This content is part of the Essential Guide: Don't panic! The definitive guide to IT troubleshooting
News Stay informed about the latest enterprise technology news and product updates.

Enterprise shops look to AIOps for IT root cause analysis

IT ops pros look to AIOps tools to help find the smoking gun in failing IT stacks, but some call automated root cause analysis more dream than reality.

Enterprises have automated IT root cause analysis in their sights as AIOps hype reaches a fever pitch, but some IT vendors are reluctant to jump on the AI bandwagon.

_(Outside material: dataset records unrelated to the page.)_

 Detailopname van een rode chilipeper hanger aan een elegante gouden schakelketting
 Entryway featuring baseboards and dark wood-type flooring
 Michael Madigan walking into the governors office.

Automated IT root cause analysis is central to many AIOps tools, a category operations tools that incorporates AI to improve the tool's ability to monitor and manage IT deployments. New Relic's error profiles feature, for example, is meant to narrow down the cause of glitches and speed up IT incident response. Enterprise IT ops pros imagine a day where that response is automated through application development tools and IT service ticket systems. AIOps tool vendors even tout a proactive, rather than reactive, IT monitoring approach, which identifies the root cause of potential problems and stops them before they reach the troubleshooting stage.

But despite customers' demand for such features, some IT monitoring vendors won't adopt AIOps.

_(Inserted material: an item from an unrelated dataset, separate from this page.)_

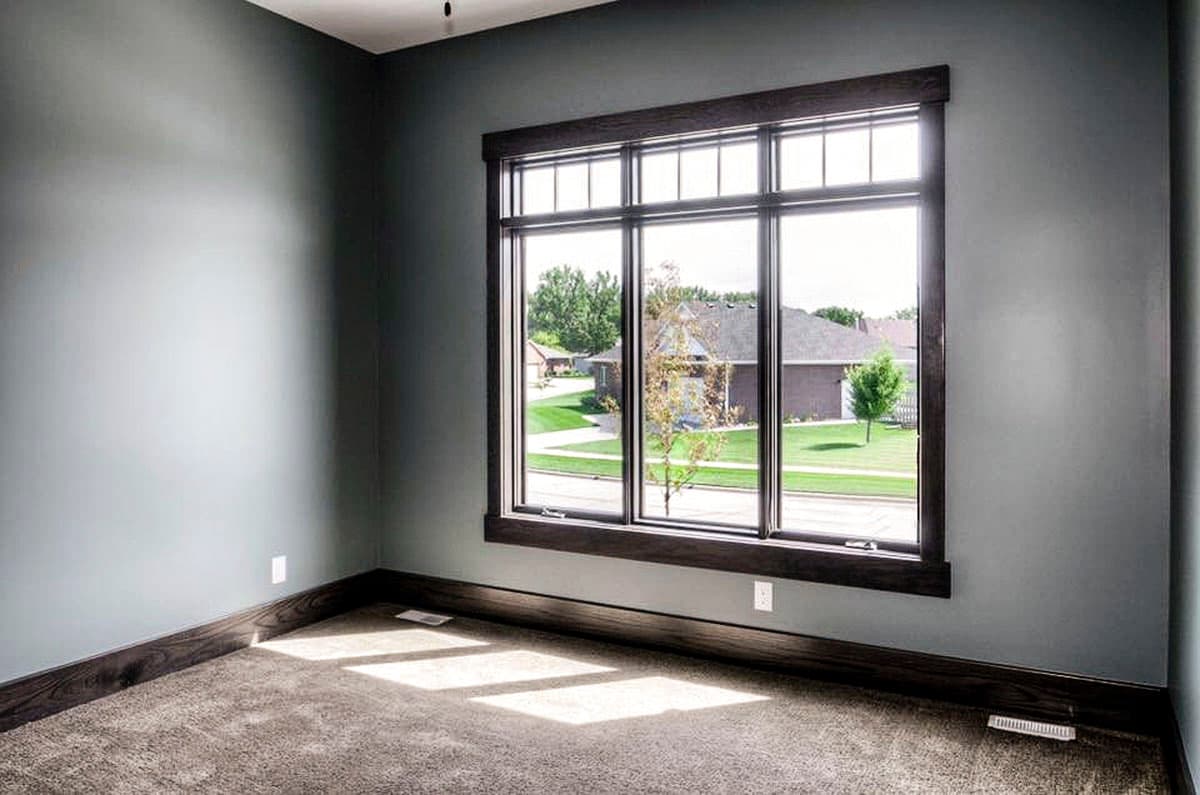 Interior view of a room with a large multi-pane window, dark wood trim, and carpeted floor.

LogicMonitor, for example, touts its monitoring tools' ability to pinpoint the causes of errors in the IT stack, but its founder and chief evangelist, Steve Francis, balks at the suggestion that machine learning can automate IT incident response.

People tend to define machine learning as anything they don't understand. Anything we do understand is just statistics.
Steve FrancisFounder, LogicMonitor

"People tend to define machine learning as anything they don't understand," he said. "Anything we do understand is just statistics. Everyone's saying we need to be talking about this, but I don't see the value of it yet."

LogicMonitor customers beg to differ.

"They need to think a little beyond red light/green light and [rather about] how to build innovation around root cause analysis," said Miten Marvania, founder and COO at Agio, a managed IT and cybersecurity firm in Norman, Okla.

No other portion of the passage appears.